ST: Absolutely not, because they don't have nothing to do with Dizzy really. They're just using his name, and it kind of upsets me. They call it the Dizzy Gillespie Alumni Orchestra and there's maybe two people in the whole big band who played with Dizzy.

I am very happy that Slide Hampton is being allowed to lead a band, but he is such a great writer and musician that they should just call it the Slide Hampton Orchestra. But they put a picture of Dizzy Gillespie on the marquee, and Dizzy is dead and gone. Dizzy wouldn't like that—I know Dizzy wouldn't like that—he wanted people to do their own thing.

AAJ: But don't you think that maybe they are helping keep the flame of Dizzy's music alive?

ST: Well, yes and no. They're not really playing his music all the time, and then they got Roberta Gambarini singing with it, which don't have nothin' to do with Dizzy. It has nothin' to do with Dizzy or Dizzy's music. They are just using Dizzy's name to get gigs.

Now, if they were going to do a special tribute to Dizzy and they were going to play his original big band arrangements or some new arrangements of his music, you know? You might do that for a year or something and then give it a break, but they want to make it an ongoing gig.

Dizzy's name is gonna live forever. He was a genius, I mean, he was profound; I'm still in awe just thinking about him [laughs]. The stuff he used to play was incredible. I do think it's good to honor our elders and do projects from time to time, but they don't have an ongoing band of Louis Armstrong. They do have a Duke Ellington Orchestra and a [Count] Basie band, but the Basie band actually plays Basie's music and the Ellington band actually plays Ellington's music.

AAJ: And there are quite a few Mingus bands around as well, aren't there?

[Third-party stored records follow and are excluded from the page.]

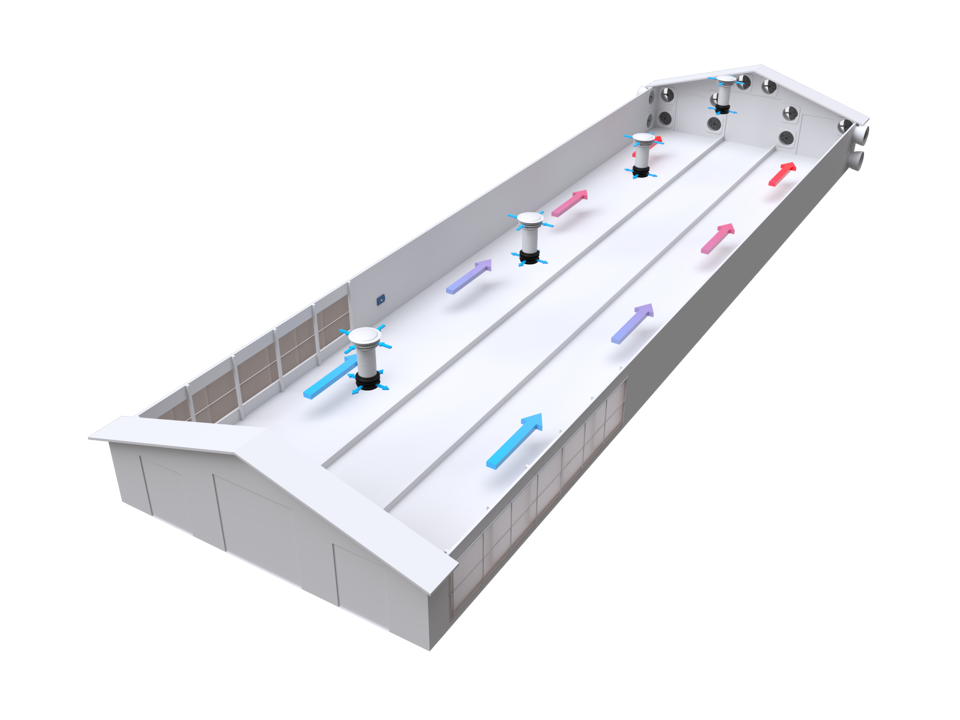 Secco Combi tunnel - winter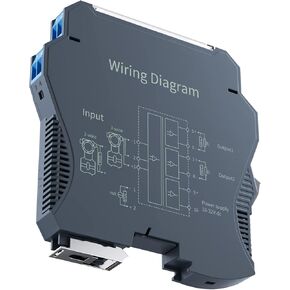 DC24V DC Signal Isolator 4-20mA 0-10V 0-5V 1-5V Analog Signal Isolator 1 in 1 Out 1 in 2 Out 2 in 2 Out(0-20MA_Input 0-10MA) in Kuwait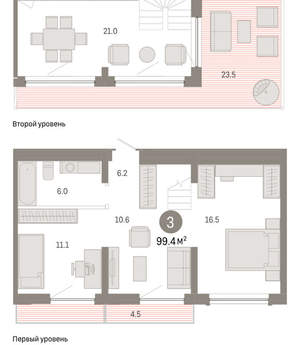 3-к квартира, вторичка, 99м2, 8/8 этаж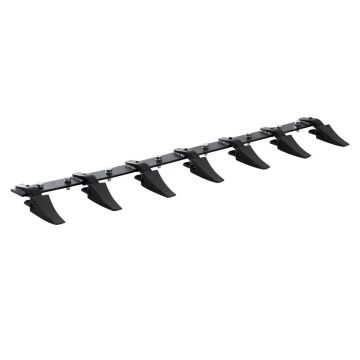 Bucket tooth bar 60 inch, 7 teeth, for heavy duty tractor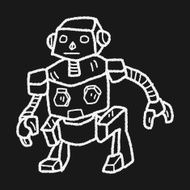 robot doodle N463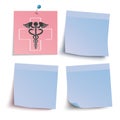 Blue Pink Stickers Doctors Appointment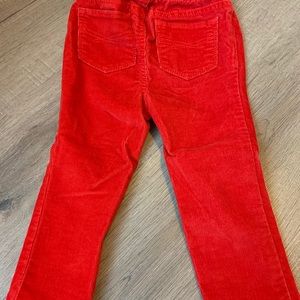 BabyGap Velvet Red Pants (Girl!)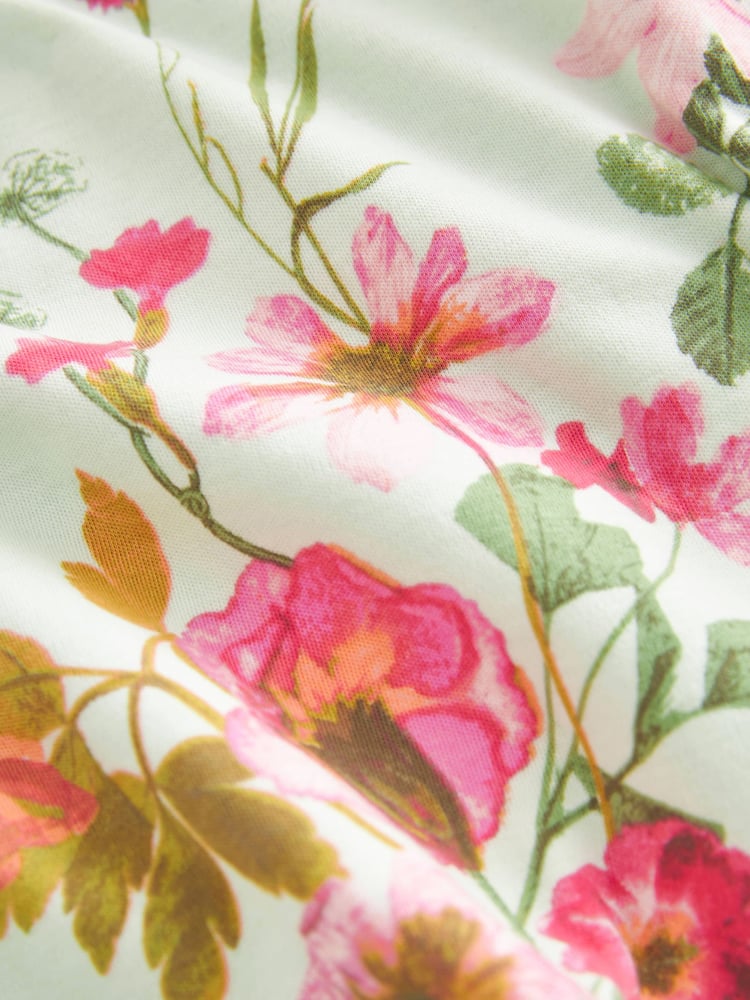 Yellow/ Purple/Green Floral Pyjamas 3 Pack (9mths-16yrs) - Image 10 of 10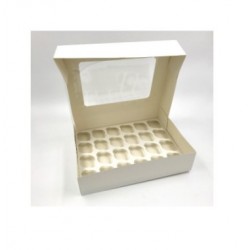 caja 24 mini cupcake & inserto - blanco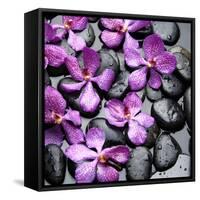 Zen Pebbles-null-Framed Stretched Canvas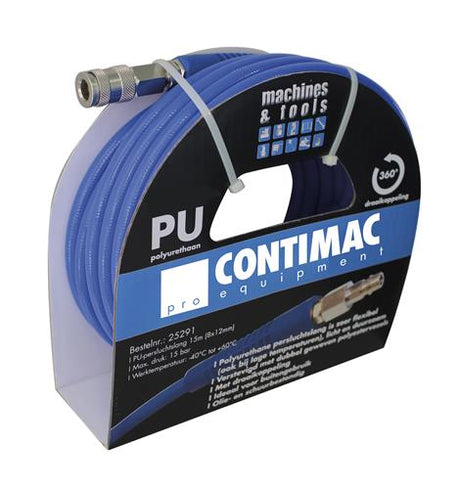 Contimac luftslange 8x12mm komplet + kobling 15mtr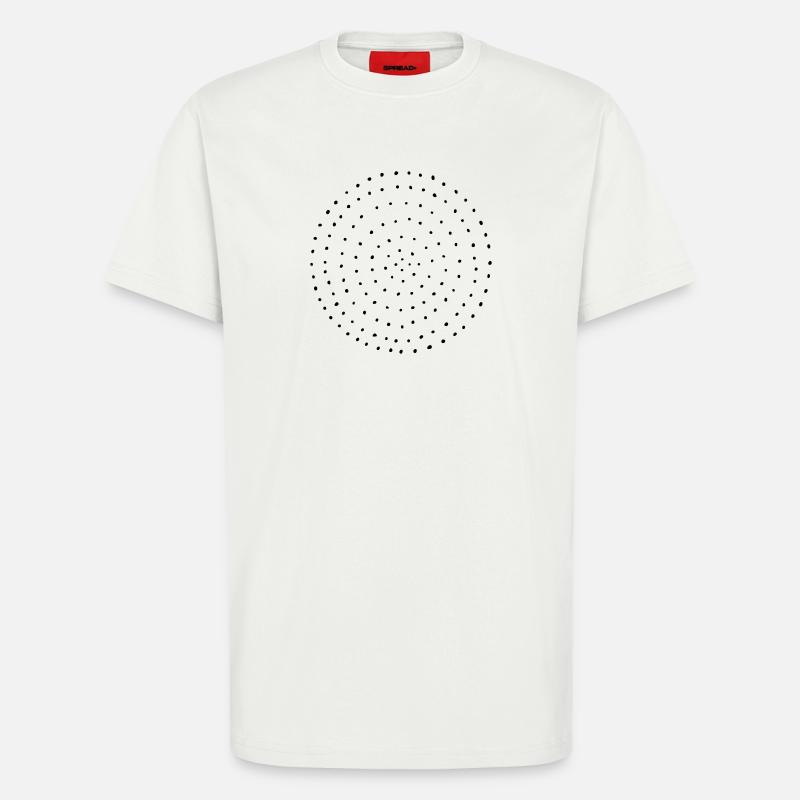 Dotted dots circle dots pattern gift - T-Shirt - made by SPREAD - OFF WHITE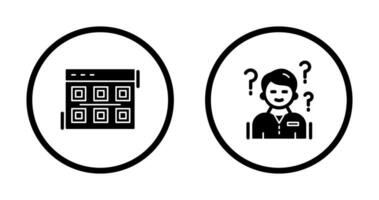 Layout and Confuse Icon vector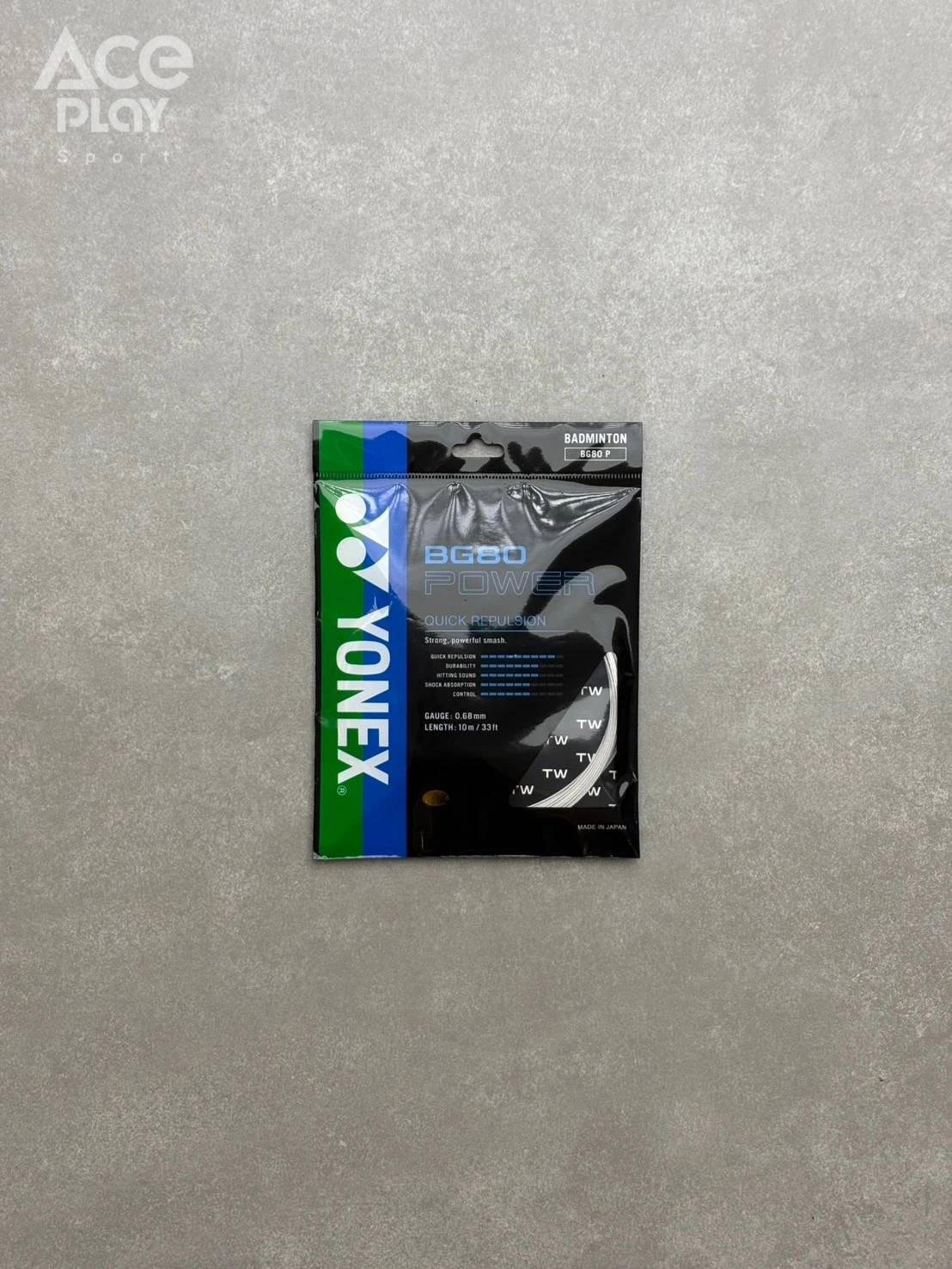 【Aceplay艾斯沛體育】YONEX 優乃克 BG80 P 羽球拍線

ST Well, that's a joke. They're playing his compositions so Sue [Mingus] can get the publishing [laughs]. They have three [Charles] Mingus big bands, you know. There's a lot of musicians in New York, so they got a band on tour in Europe and then they got a band playing in a club in New York, so photocopy the book and send another band to do a gig in California. It's just business. It's OK to honor Mingus—his music was great music, he was a great writer, but it's just business.

But hey man, that's OK, but there are a lot of musicians out there today that have their own music and their music is vital at the moment and they're not getting an opportunity. The powers that be—the record companies and the promoters are not trying to build careers anymore like they used to, unless it's image-related.

It's image that they want to make money off, and you know, it works for a little hot minute because they've trained the American people. To me, it's a false premise—the whole consumer-based philosophy of life. They want a throw-away society where it's about buy, buy, buy, but that doesn't lead to happiness, man; it's a false premise.

AAJ: You've worked with an unbelievable list of people, but one musician who you come back to again and again, and who plays on Rainbow People, is Mulgrew Miller. What do you like about Mulgrew's playing?

ST: Oh man, he's off the hook [laughs]. He's another musician that is so versatile. You know, he plays the modern modal thing, he can play the bebop and the Ellington sound—when I met him he had been working with the Duke Ellington Orchestra, playing in the piano chair when Mercer Ellington had the band. He can really play the gospel blues stuff—he's from Mississippi and he can do that authentically, because he came up playing in the church, and he played in R&B bands. You know, he played organ in the church. He's not just one-dimensional.

We've been playing together since we were in that band with Woody Shaw in the early '80s. I think Mulgrew came in to the band for three years. Oh man, he's very special. And such a nice person too.

Steve TurreAAJ: You like the gospel blues in your music?

ST: Oh yeah, it goes back to Ray Charles and to Rahsaan Roland Kirk too. See, that's a good feeling—it makes you feel better. To me, music is supposed to heal people. A musician is like a doctor man, it's not just about: "Oh that's interesting, good technique." It's gotta go deeper than that. It's about a feeling.

AAJ: What was it like touring with Ray Charles in the early '70s?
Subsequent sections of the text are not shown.